Мы с принцем де Гемене сдружились больше прежнего и почти не расставались. Он привел меня к госпоже де Рот, и я вновь встретил ту очаровательную особу, которую принял за мадемуазель де Буффлер несколько лет назад на балу у маршальши де Мирпуа. К этому времени она была уже графиней Диллон. Без сомнения, мало кто из женщин соединял в себе столько талантов, приятности и качеств, достойных любви и уважения: она была добра, благородна, великодушна и через десять лет оставалась добрым другом. Я с удовольствием соглашусь, что при наличии желания, средств и уверенности в своей способности понравиться, госпоже Диллон нельзя было вменить в вину даже тени кокетства. Вкус к охоте и к сельской жизни сделал мою связь с ней более близкой, и я стал таким же неизменным гостем в этом доме, как и господин де Гемене. Мне не понадобилось долгого времени, чтобы заметить, как госпожа Диллон ему дорога, и как деликатен и сдержан он в своей любви. Я и сам не избежал этой опасной ловушки. Я ни на что здесь не надеялся; я не заглядывал в будущее и даже не осмеливался желать возможности добиться успеха. Однако же я упрекал себя, как за предательство, за такое чувство к женщине, в отношении которой я не мог сомневаться, что господин де Гемене предан ей навсегда. Под предлогом доверия я давал против себя самое сильное оружие: я не скрывал от госпожи Диллон ничего из того, что могло бы отдалить женщину от меня. Я показывал ей мой характер гораздо более легкомысленным, чем он был на деле; я показывал ей мой вкус к независимости; я соглашался, что я от природы непостоянен. О любом своем ужине с девицами, о любой мой фантазии я ей тут же рассказывал, и та жизнь, которую я вел, по моему мнению, не могла получить одобрение женщины, возымевшей ко мне некоторый интерес.

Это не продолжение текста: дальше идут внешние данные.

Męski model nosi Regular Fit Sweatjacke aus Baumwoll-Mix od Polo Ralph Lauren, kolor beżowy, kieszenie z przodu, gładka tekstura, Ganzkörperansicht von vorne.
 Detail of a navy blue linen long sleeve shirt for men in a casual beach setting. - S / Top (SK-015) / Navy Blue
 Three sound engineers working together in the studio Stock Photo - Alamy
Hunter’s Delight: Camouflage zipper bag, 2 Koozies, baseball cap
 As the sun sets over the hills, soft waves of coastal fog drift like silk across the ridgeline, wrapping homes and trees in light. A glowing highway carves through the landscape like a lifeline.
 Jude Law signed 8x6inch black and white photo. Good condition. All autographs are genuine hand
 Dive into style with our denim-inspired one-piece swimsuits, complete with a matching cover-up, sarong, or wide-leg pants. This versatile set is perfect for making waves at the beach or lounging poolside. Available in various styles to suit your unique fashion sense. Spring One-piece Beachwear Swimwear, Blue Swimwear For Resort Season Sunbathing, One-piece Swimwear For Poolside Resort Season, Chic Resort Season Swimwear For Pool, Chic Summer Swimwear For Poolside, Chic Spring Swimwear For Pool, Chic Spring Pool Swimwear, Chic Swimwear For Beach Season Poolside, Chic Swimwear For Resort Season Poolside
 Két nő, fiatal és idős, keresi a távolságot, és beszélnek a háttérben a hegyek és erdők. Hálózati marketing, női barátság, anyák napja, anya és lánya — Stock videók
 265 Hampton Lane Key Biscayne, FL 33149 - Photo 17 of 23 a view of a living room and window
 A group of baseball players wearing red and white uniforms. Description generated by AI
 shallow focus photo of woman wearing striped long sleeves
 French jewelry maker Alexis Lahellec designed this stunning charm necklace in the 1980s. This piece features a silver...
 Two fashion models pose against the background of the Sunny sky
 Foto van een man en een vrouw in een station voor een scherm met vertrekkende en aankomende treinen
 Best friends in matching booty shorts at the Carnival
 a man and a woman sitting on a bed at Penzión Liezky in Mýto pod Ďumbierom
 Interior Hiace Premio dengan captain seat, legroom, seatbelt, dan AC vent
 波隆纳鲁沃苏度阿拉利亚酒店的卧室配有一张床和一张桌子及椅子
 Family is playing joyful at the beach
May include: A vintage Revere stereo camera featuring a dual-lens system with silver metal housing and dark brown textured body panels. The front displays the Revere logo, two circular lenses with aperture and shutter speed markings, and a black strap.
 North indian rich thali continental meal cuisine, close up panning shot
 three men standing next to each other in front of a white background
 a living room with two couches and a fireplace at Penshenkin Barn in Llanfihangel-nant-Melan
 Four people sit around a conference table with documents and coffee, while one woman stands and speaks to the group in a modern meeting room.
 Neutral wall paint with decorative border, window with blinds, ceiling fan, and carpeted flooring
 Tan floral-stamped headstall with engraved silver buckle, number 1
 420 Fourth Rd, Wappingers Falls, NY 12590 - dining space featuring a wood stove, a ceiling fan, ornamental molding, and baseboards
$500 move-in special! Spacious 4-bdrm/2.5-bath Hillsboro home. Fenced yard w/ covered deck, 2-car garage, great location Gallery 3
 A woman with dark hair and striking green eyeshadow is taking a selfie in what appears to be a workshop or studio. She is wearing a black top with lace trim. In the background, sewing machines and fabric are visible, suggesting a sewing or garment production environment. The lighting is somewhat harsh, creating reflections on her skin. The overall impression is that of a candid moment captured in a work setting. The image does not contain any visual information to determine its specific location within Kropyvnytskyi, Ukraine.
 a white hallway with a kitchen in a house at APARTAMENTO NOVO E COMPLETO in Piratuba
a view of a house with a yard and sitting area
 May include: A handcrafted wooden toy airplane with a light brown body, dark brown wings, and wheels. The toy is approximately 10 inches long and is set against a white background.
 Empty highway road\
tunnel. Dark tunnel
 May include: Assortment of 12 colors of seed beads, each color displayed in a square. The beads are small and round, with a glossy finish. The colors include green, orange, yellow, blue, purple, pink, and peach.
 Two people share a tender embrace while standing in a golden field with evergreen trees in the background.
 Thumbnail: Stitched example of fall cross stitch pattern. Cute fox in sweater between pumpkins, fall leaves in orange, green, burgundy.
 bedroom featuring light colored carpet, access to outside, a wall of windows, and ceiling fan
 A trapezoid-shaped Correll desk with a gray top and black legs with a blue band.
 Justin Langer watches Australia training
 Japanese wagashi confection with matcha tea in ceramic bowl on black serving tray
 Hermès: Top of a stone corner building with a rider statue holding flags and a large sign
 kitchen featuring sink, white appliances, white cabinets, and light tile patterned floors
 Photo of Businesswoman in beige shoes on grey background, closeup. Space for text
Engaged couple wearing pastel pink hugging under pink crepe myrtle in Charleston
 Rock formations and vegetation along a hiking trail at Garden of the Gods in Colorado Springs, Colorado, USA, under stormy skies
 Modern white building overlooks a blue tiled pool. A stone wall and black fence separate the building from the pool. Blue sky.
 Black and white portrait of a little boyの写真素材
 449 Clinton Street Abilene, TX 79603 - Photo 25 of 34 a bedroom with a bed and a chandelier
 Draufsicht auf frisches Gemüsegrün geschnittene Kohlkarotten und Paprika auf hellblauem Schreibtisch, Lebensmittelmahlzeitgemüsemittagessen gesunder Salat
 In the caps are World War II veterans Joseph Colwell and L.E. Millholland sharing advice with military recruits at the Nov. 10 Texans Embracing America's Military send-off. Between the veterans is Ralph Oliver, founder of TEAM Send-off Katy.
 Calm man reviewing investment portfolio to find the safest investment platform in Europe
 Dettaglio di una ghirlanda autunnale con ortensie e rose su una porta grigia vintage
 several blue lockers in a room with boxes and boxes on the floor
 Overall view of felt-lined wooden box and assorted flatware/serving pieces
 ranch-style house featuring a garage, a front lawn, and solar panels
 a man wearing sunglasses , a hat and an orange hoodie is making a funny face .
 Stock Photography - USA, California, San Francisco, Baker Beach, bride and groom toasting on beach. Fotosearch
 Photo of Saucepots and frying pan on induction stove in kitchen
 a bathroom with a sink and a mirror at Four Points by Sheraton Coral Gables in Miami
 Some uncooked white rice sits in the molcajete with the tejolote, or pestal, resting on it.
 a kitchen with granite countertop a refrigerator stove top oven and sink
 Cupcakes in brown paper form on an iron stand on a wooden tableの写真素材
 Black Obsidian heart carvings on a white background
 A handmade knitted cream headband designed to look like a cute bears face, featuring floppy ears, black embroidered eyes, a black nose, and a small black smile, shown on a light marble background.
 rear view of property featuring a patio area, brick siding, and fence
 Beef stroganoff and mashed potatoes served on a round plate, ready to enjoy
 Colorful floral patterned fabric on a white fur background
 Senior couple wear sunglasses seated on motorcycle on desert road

Луи-Роллан Тренкесс (1745-1800). Мужчина и две дамы в интерьере (1776)

Мое положение меня встревожило: у меня не было больше любовницы, я отказал одной женщине и покинул другую, и, заглянув в свое сердце, я не мог скрывать от себя, что госпожа Диллон была движущей силой моего поведения. Я тогда решил, что должен известить господина де Гемене и дать ему прочесть все, что происходит в моей душе. Он принял меня с тем благородным доверием, на которое способны только честные сердца, не стал от меня скрывать, что он обожает госпожу Диллон, но поклялся, что он не знает, произвел ли он на нее какое-то впечатление. И действительно, она держала нас с ним в таком безупречном равенстве, что было невозможно заметить ни малейшего предпочтения. «Давайте трудиться каждый для нас обоих, - сказал он мне, - и если госпожа Диллон изберет себе любовника, пусть она при этом не потеряет друга.» Я сказал ему, что принял решение отправиться на некоторое время путешествовать; он тщетно пытался меня переубедить, но беременность госпожи Диллон отсрочила мой отъезд. Возможно, никогда еще не было видано, чтобы двое соперников проявляли друг к другу больше доверия и более нежно друг друга любили.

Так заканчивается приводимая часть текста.